This year’s Nobel Prize in Chemistry went to the international team which invented the world’s smallest machine . The three scientists, namely Jean-Pierre Sauvage (France), Sir Fraser Stoddart (Great Britain), and Bernard “Ben” Feringa (Netherlands) will split the $931,000 (8 million Swedish Kronaprize) three ways. The trio began their research back in 1983, and have been able to invent molecular machines that have been tipped to be leading breakthroughs in the field of new materials and energy storage devices.
The molecular machines are also called nanomachines, and are about 1,000 times smaller than a single strand of hair. In a statement, the awarding authority Royal Swedish Academy of Sciences describe the innovation, “They have developed molecules with controllable movements, which can perform a task when energy is added.”
In 1983, Sauvage was the first one to make a breakthrough in the development of tiny machines when he successfully linked two ring-shaped molecules and created a chai. Eight years later, in 1991 Stoddart was able to create a called rotaxane, which was a dumbbell-shaped molecule entailing a ring around its middle. The third scientist Feringa, in 1999, built on this and became the first person to create a molecular motor, which converted the concept into a fully functional machine. The scientific potential of the minuscule motor can be judged by the fact that it has been used to rotate a glass cylinder 10,000 times bigger than its own size.

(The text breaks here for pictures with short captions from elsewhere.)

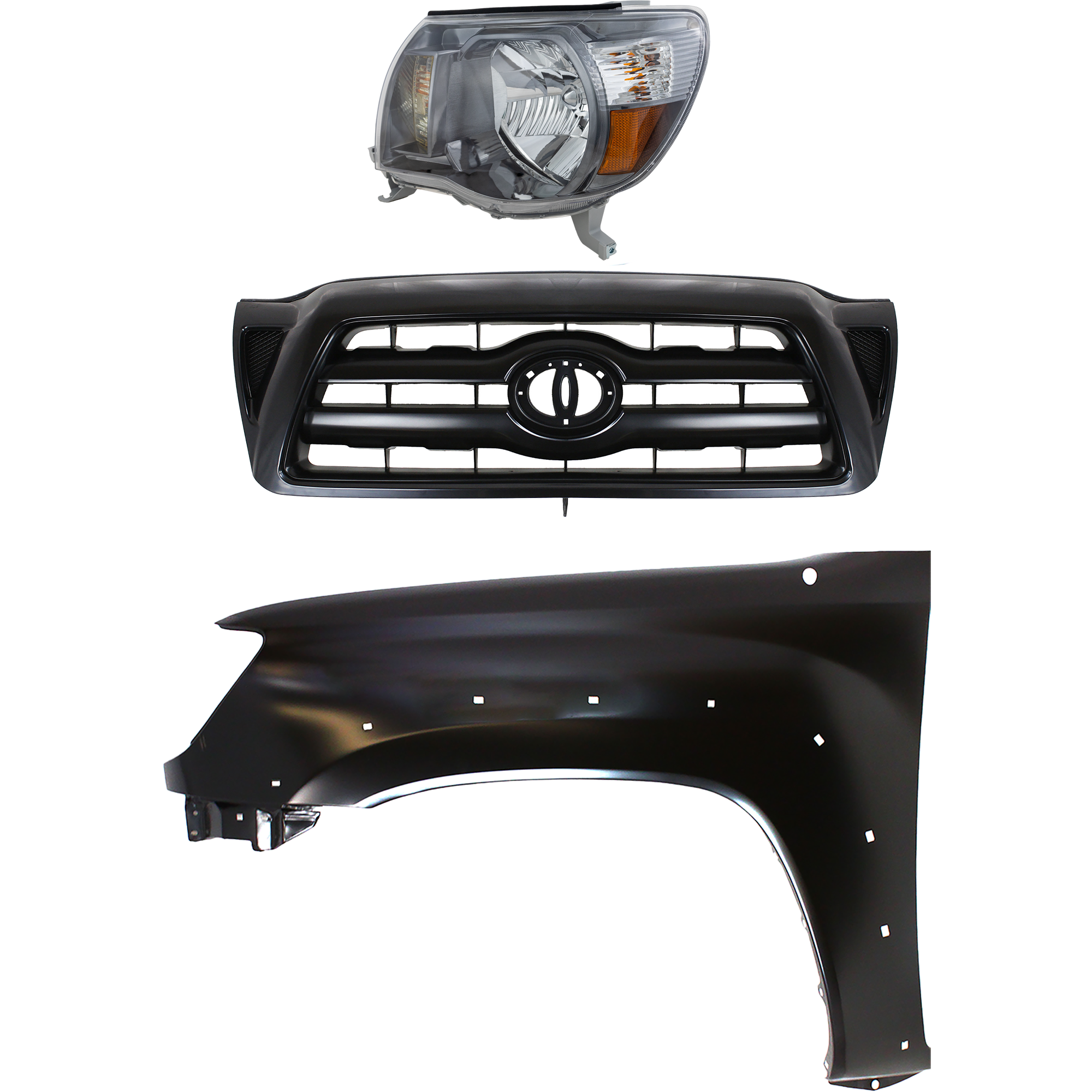 AM TACOMA 05-11 HEAD LAMP LH Assembly Halogen 3 pc Kit with Fender and Grille Assembly SKU KIT 031323-19502 Partslink TO2502181 TO1240208 TO1200269 OEM 8115004173-5381204100-53100043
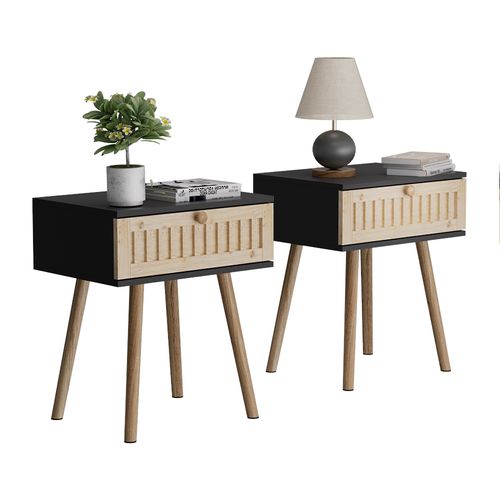 Table De Nuit Holk 54228 Anthracite/pin Lot De 2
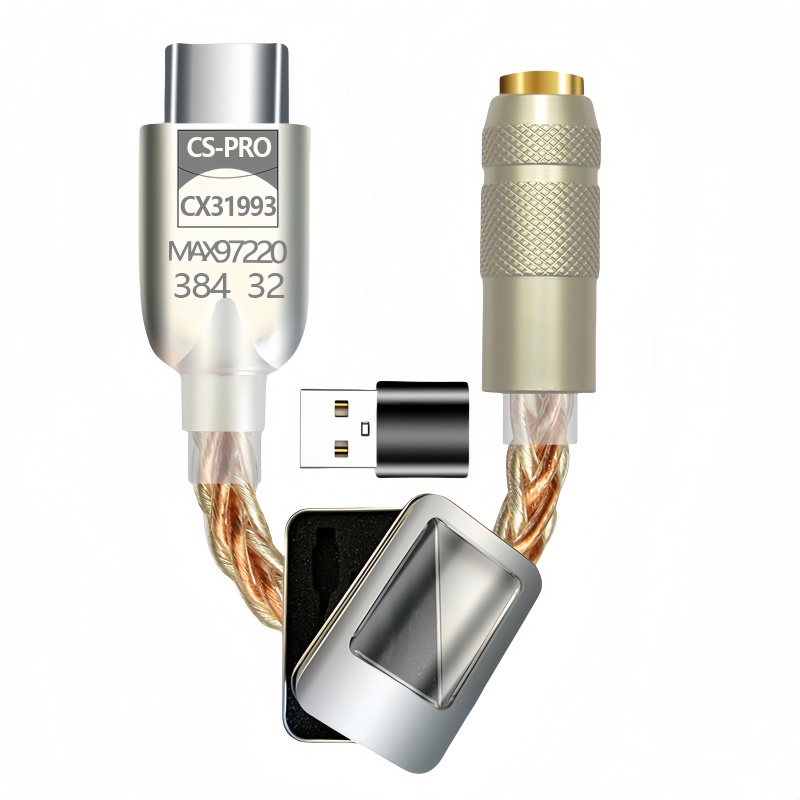 CX31993 DAC + MAX97220 AMP | 65mW High-Power Output | Type-C to 3.5mm Audio Adapter | Perfect for High-Impedance Headphones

The jury said when announcing the winners, “The molecular motor is at the same stage as the electric motor was in the 1830s, when scientists displayed various spinning cranks and wheels, unaware that they would lead to electric trains, washing machines, fans and food processors.”
These are truly exciting times for the world’s technology, and this invention in particular is a herald of great breakthroughs to come in the near future.